Hauptattraktion der Claramatte ist der Kinderspielplatz, der nicht mehr abgetrennt ist und Offenheit gegenüber allen Bevölkerungsgruppen signalisiert. Der Augenschein zeigt: Das funktioniert bestens. Entworfen und gebaut wurde die burgähnliche Anlage mit Brücken und Kletterturm, Rutschbahnen, Seilbahnen und anderen Attraktionen von Fabio Guidi und Urs Wiskemann von der Motorsänger GmbH (HP 9/05). Die zwei Gestalter begeistern die Kinderherzen, ohne auf das meist öde Spielplatzmobiliar zurückzugreifen, und erfüllen dabei erst noch die bfu-Sicherheitsempfehlungen. Ein paar Meter weiter steht eine andere Kinderattraktion: Aus der einen Wand des u-förmigen Wasserkanals spritzt es alle Viertelstunde. Wer Mut zeigt, springt dazwischen oder fährt mit dem Velo durch Raderschalls ‹Planschbecken›. Im Boden eingelassen erkennt man den Lauf des Rheins von der Quelle bis nach Rotterdam. Der Rhein? Klar: Der Fluss liegt nur ein paar Steinwürfe entfernt. «Der Rhein aber auch, weil ich ursprünglich Rheinländer bin», lacht Roland Raderschall. Und noch ein Eingriff trägt die Handschrift der Landschaftsarchitekten: die Farbe der Bänke. «Wie überall ist auch in Basel das Stadtmobiliar streng normiert», stellt Sibylle Aubort Raderschall fest. Zugelassen ist eigentlich die Bank nur mit Sitzflächen in Naturholz oder in Dunkelblau. Die Projektgewinner redeten dann so lange auf die Verantwortlichen der Stadt ein, bis das Einheitsmodell in frischem Grün-Gelb bewilligt war. Und jetzt realisiert es auch der Laie: Dieser spärlich gesetzte Farbakzent gibt der Claramatte einen frischen Touch. Nachts sorgen farbige Diodenlichter für eine besondere Stimmung: Im Planschbecken schimmert das Wasser und im Innern der Platanenkreise beleuchten sie das grüne Dach vom Boden her.

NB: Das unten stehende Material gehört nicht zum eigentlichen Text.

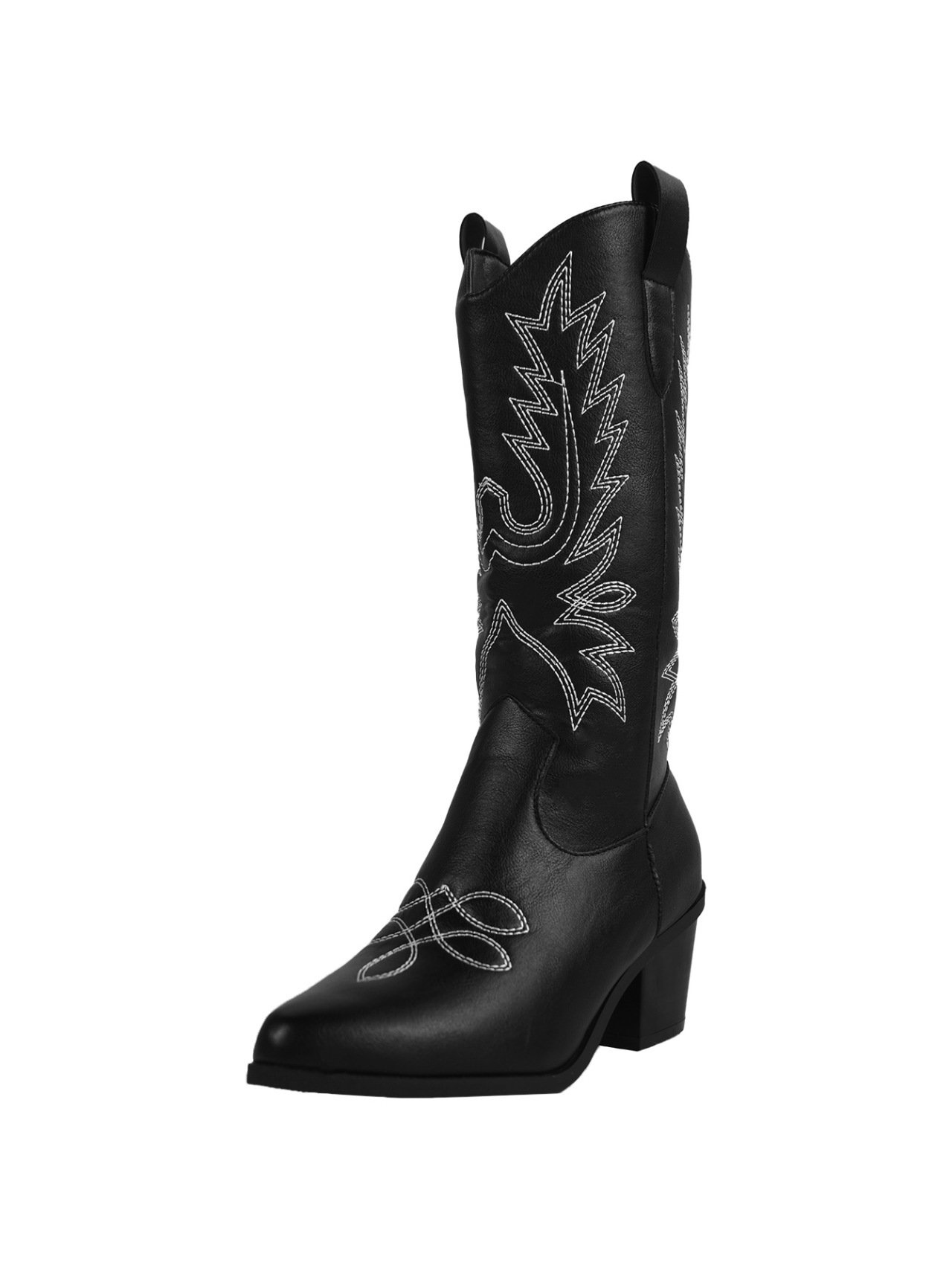 High Heel White Western Cowboy Knight Boots - الصورة 5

So einfach, klar und offen sich die im Juni 2006 wieder eröffnete Claramatte heute präsentiert, so gross war der Aufwand, dies zu erreichen: Alles Oberflächenwasser wird gesammelt und versickert über neu angelegte Schächte zurück in den natürlichen Kreislauf. Die gesamte technische Infrastruktur musste unter den Wurzeln der alten Bäume hindurch gefädelt werden, Baumpfleger standen permanent auf Pikett – und es hat sich gelohnt. Der Anlage mit den alten Platanen gehts prächtig.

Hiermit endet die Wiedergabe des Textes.